Since I adopted vSphere, I have been meaning to move to distribute virtual networking, but other things got in the way, such as my upgrade to a blade infrastructure as well as just general maintenance.Well I finally gave it a try. I have 4 basic networks, each for their own trust zone. 3 of these 4 migrated quickly and easily, but the last one was proving a bit difficult as it contained the service console of the vSphere ESX hosts as well as the administrative tools to manage the vSphere environment.
My first attempt at migrating this all important network failed horribly. I lost connectivity to everything. Here is what I did on that attempt:
- Used Manage Hosts to add each host to the new dvSwitch I created and the necessary portgroups.
- Assigned the SC to one of the dvSwitch portgroups
- Assigned NFS/iSCSI to one of the dvSwitch portgroups
- Assigned the VMs to other portgroups
The task started but got as far as assigning the SC before the systems became in accessible. Apparently this was not the appropriate method. My thought was that the dvSwitch Manage Hosts code would download to each ESX host the necessary commands to make this happen without needing anything extra.
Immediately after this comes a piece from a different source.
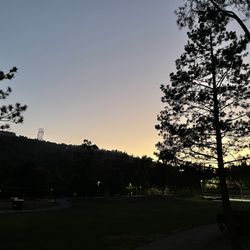 Orinda Community Center Park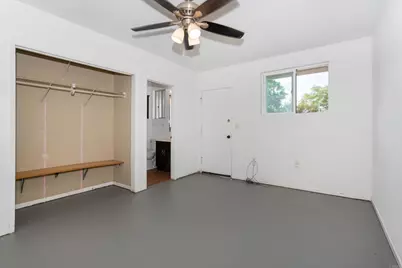 1228 Tower Drive, Vista, CA 92083 - Photo 28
I was sadly mistaken. I in effect lost connectivity to everything to manage the systems and once the SC lost connectivity to my isolation address, VMware HA powered off all my VMs. What a mess. To fix, I had to go back into the service console and run such commands as ‘esxcfg-vswif’ and ‘esxcfg-vswitch’ to migrate the service console back to the appropriate networks. What I found out and why this happened was that the assignment of VMs to portgroups did not happen, the SC was migrated, the dvSwitch Portgroups were created. One of those VMs to migrate was the firewall for the administrative network. While half was correct, the admin side was NOT correct.
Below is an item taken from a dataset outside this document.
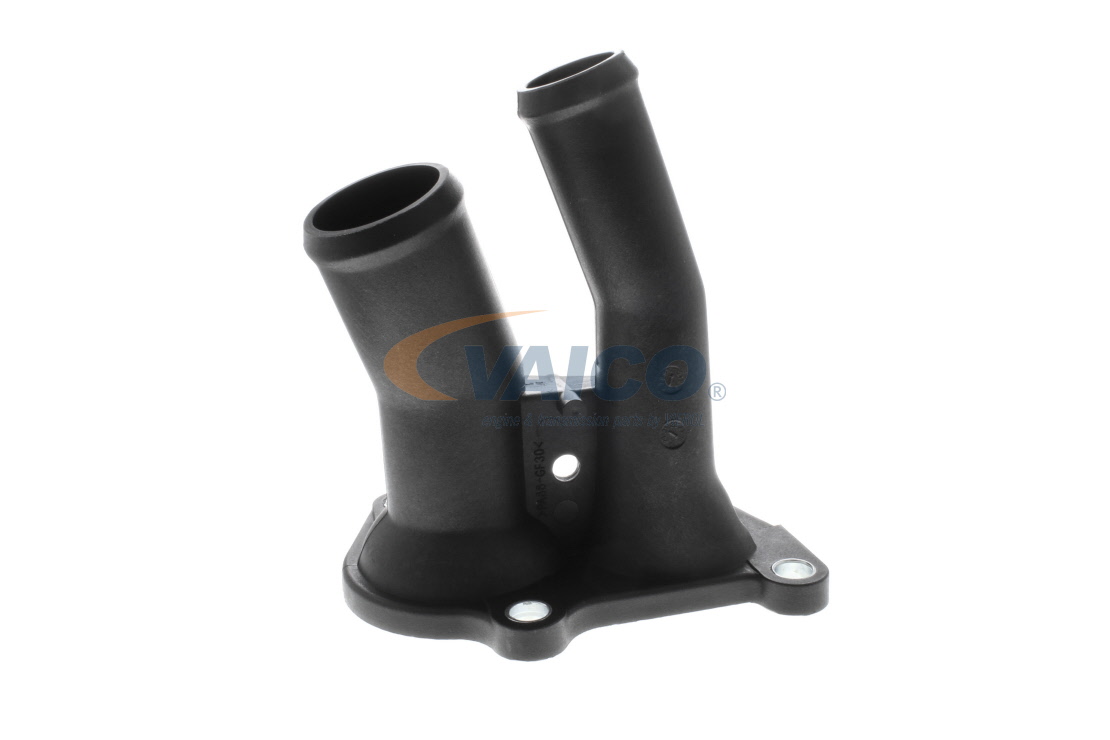 Número OEM 1 707 050 - Brida de refrigerante V25-1760 BMW, FORD, LAND ROVER, DAF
Since I am now using HP BladeSystems, I added a second uplink to my Flex-10 interconnects to my main network switch. I think went into one ESX host and added it as a ‘CONSOLE’ network for administrative purposes. But since it was a BladeSystem I had to first power off the host, which forced a vMotion of all the VMs off the blade. Once done, and the new network was available, I assigned it to the service console leaving the original vmnic to be used for the dvSwitch.
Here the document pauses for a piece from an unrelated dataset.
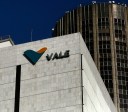 Vale avança em parceria com Glencore para projeto de cobre no Canadá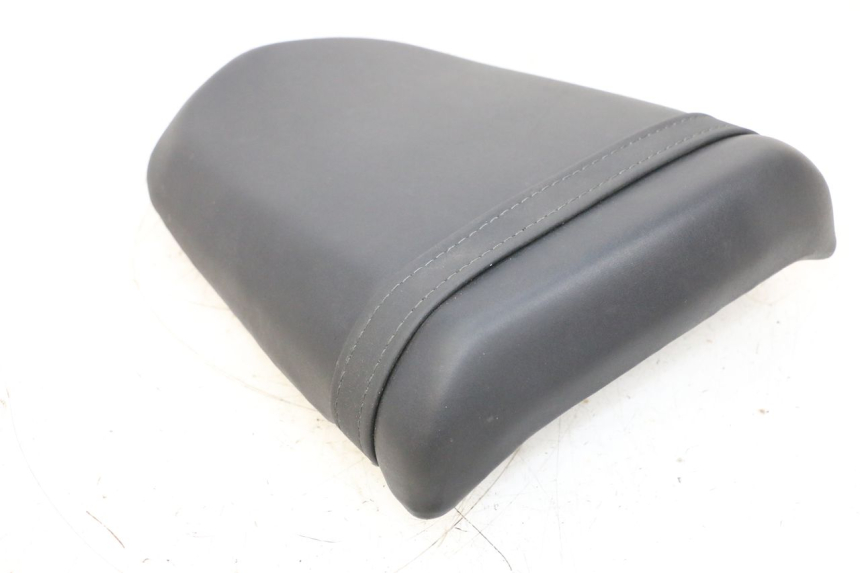 photo de REAR SEAT SUZUKI GSXR GSX-R 1000 (2003 - 2004) - Product overview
Part of this process was to migrate all the administrative VMs back to this host with the new network. While that was happening I created the dvSwitch and all the required portgroups then using the Manage Hosts aspect of the dvSwitch added the host back to the dvSwitch and assigned the now available vmnic to it as well as the appropriate VMs. Once that was finished for all hosts, the next stage was pretty simple.
That stage was to add all the other hosts to the dvSwitch and then finally move the Service Console port back the appropriate dvSwitch. Which went off flawlessly. Now all is in order, another vMotion of the VMs from the host with the CONSOLE network so that I can remove that network.
Once this was completed, I am now fully using dvSwitches for everything but a few security VMs from vShield. I will have to reinstall the vShield components to get everything working appropriately.
However, I noticed all the vMotions were seriously slow. That is another story.
UPDATE: Had an issue with vShield causing all sorts of issues due to the VFILE SCSI filter not acting properly (yes this is part of vShield Endpoint). vMotion’s were taking forever and stalling out, so wanted to remove that, but DRS came into play and caused VMs to be sent all over my environment. Long and short of it was that the host holding vCenter was reset, this caused HA to fail, as well a manual reboot of all the nodes. Apparently, when a VM loads its dvSwitch port number needs to be selected (it is in the configuration file) but since the VM cannot communicate to vCenter, the VMs could NOT boot.
The solution was to temporarily put the service console and administrative tools (such as vCenter) onto a regular vSwitch. Then once vCenter was booted, properly bring all the VMs backup and running.
UPDATE II: Happened again. So this time I created an administrative portgroup on the VMware vSwitch I left and transfered to that vSwitch: vCenter, Service Consoles, Active Directory for management, and a few other critical bits. Then set the boot order to be those items on this vSwitch to be FIRST within the cluster. Once vCenter is available then all else should be fine.